Authentication Step-Up
Allows to configure the different authentication levels and in which cases a higher authentication level can be requested from the user (portal, features...).
Initial access to the Memority portal(s) by users can be configured with a specific strategy in terms of authentication requirement.
For instance, administrators can require that the “password” method be used as the minimum requirement to access the application.
Once authenticated on the portal, a user can access the Features to which he has a right. However some Features might be more sensitive such as one allowing to change a user authentication device, a Feature allowing to view and/or edit sensible attributes and so on.
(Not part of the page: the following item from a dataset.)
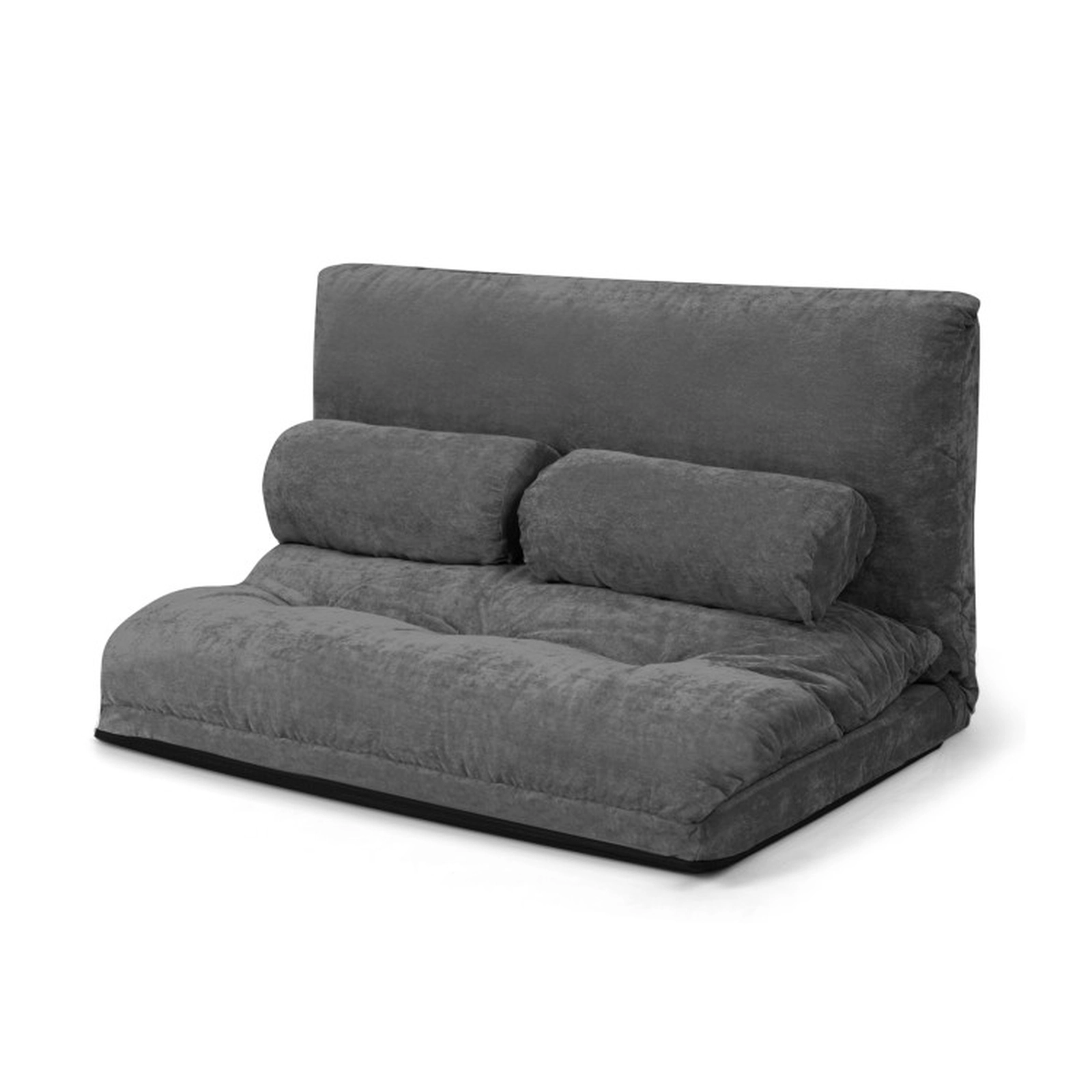 SUGIFT 6-Position 2 Pillows Corduroy Convertible Sleeper Floor Sofa Bed 71-in x 42.5-in x 7-in 330-lb Capacity Gray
It is desirable in that case to:
Require that the user authenticate with a stronger authentication method than the one he may have used at first.
Require to perform a new authentication anyway even if the user matches the authentication level required to access the Feature.
The prompt of a message indicating that a new and/or stronger authentication is required by the user, followed by a redirection to the authentication platform, is referred to as an “Authentication step-up” or just “Step-Up”.
In this guide we will see how:
To name and configure different authentication levels as an administrator
To set the strategies for accessing the portals
To configure a Feature with a step-up requiring a stronger method
What is the expected behavior for the user
Authentication Level configuration
Configuration
An Authentication Level is comprised of a name and a “classRef” which corresponds to an authentication method defined in the AM service.
As an example we will set up two Authentication Levels:
A password protected authentication
A certificate protected authentication
We also want to order these methods. This will be important when we will set the authentication methods for the portals access.
To configure Authentication Levels, one must declare them in the Setting authentication.levels.mappings.
Administration Portal > System > Settings > Business Service > Search for “authentication.levels.mappings” and edit the value
The configuration of our two Authentication Level is in order:
Level | classRef |
|---|---|
default | urn:oasis:names:tc:SAML:2.0:ac:classes:PasswordProtectedTransport |
high | urn:oasis:names:tc:SAML:2.0:ac:classes:X509 |
The value of the “classRef” attribute must match the values configured on the Access service.
The order of declaration of the Authentication Level matters. They must be ordered from the weakest to the strongest methods. This will be used when configuring the portals access strategy as we will see below.
Setting portals access authentication strategy
We will now use our newly defined Authentication Levels to set the base authentication requirement on the Memority portals.
To configure the authentication we will also use two built-in settings:
For the administration portal:
authentication.levels.admFor the user portal:
authentication.levels.usr
These settings accept a string which corresponds to the name of the desired Authentication Level as the minimal level. This means that if we set those settings to “default” (password protected authentication), users will have to authenticate using the password method. Users are also able to log in with any Authentication Level that are declared after the “default” method in the list that we configured above, meaning that our certificate authentication is also allowed (Authentication Level “high”).
Setting a step up on a Feature
For a Feature, the authentication requirement can be set up using the “authentication” property of the Feature configuration.
If no specific requirement is needed for a Feature, there’s no need to set the “authentication” object. Features will simply be accessed with the current authentication.
We should configure three elements of this property:
Property | Default value | Description |
|---|---|---|
authenticationLevel | null | the name of an authentication level previously configured. In our example this can be “default” or “high” (although since we only have these two there would be no need to set this to “default” since the user is already authenticated (at least) with the default authentication level). |
authenticationLevelComparison | MINIMUM | Set how the user’s current authentication method should be compared to the authentication level specified in this configuration. The different values are:
|
authenticationLevelForceGracePeriod | null | A period duration (ex: “PT2H” for 2 hours) that only apply if the user is already compliant with the authentication level required by the Feature. If the user’s session is older than this duration, the user will still be forced to authenticate again. If not set the authentication will not be forced if the user is compliant. |
For our example, we will use a Feature that manage Organizations and we will require a “high” level of authentication with an EXACT comparison and a grace period of 2 hours:
<authentication>
<authenticationLevel>high</authenticationLevel>
<authenticationLevelComparison>EXACT</authenticationLevelComparison>
<authenticationLevelForceGracePeriod>PT2H</authenticationLevelForceGracePeriod>
</authentication>Expected behavior
Once our user is authenticated (with the password protected method) on the portal, he should see that our Feature appears with a lock icon:
This indicates that our Feature requires a step up. If the user try to access the Feature he will be prompted as follow:
Upon clicking the step up button, the user will be redirected to perform an authentication with the “high” level of authentication, which requires an X509 certificate.